*Input data*:
::::

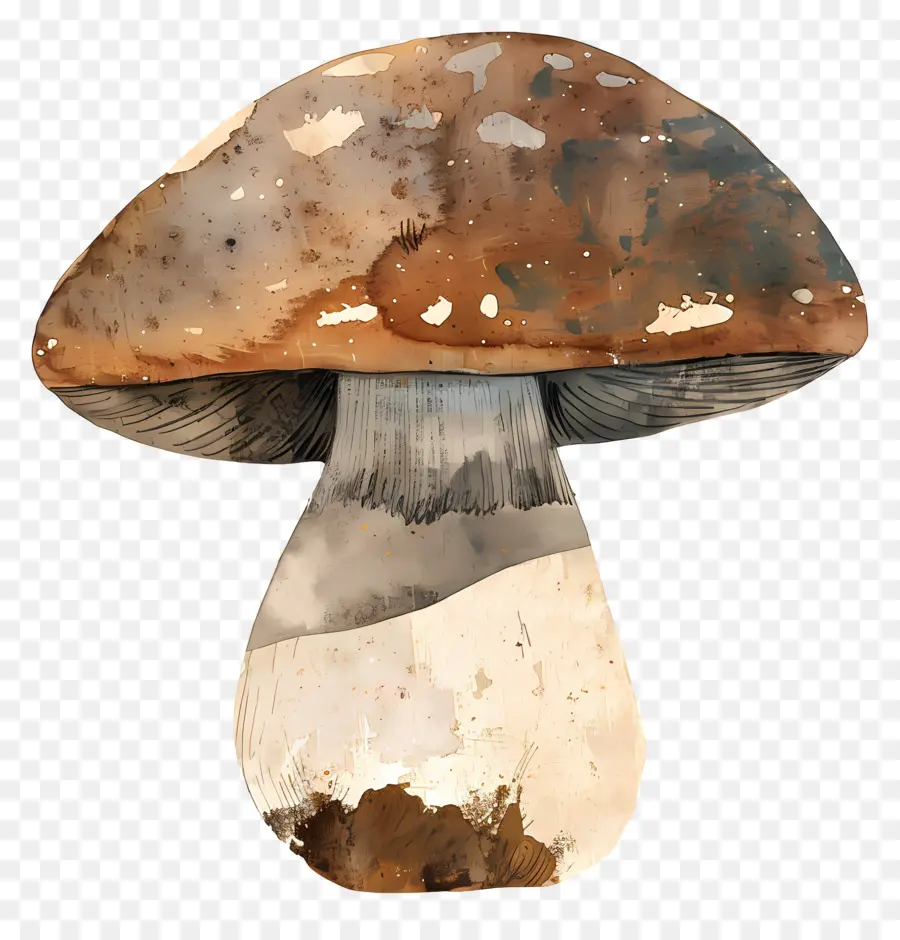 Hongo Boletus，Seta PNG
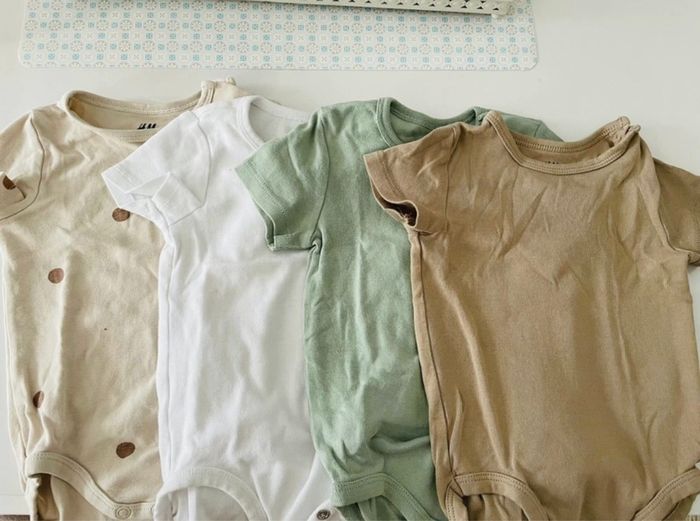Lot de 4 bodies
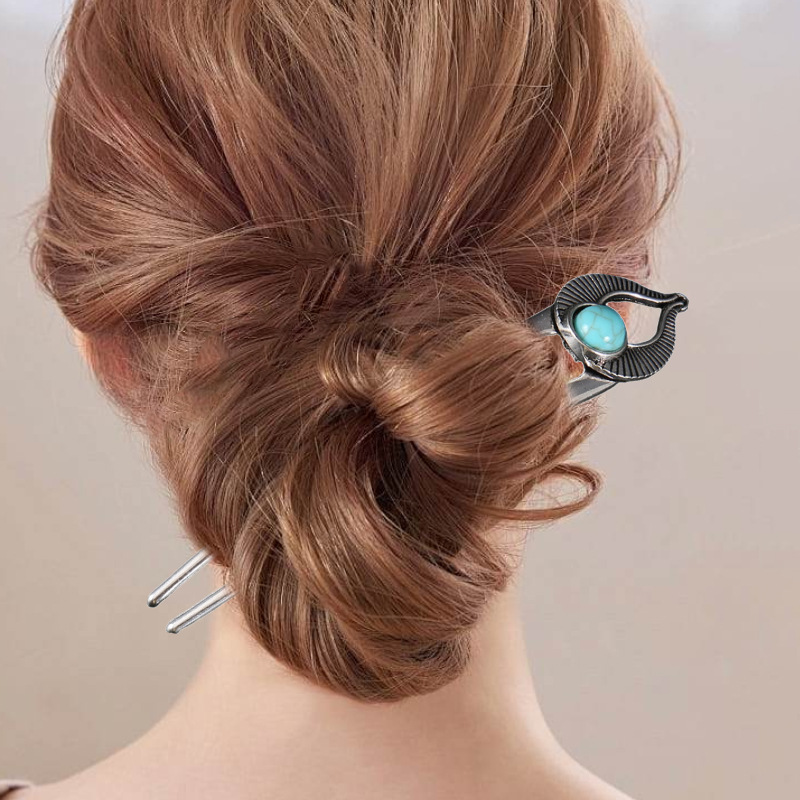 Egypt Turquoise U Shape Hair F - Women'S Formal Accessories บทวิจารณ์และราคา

::::

Drop the pictures, then write out only the lines running from the one containing "Lot de 4 bodies" through the last line above, both included, exactly.

*Output of the exercise*:
Lot de 4 bodies
 Egypt Turquoise U Shape Hair F - Women'S Formal Accessories บทวิจารณ์และราคา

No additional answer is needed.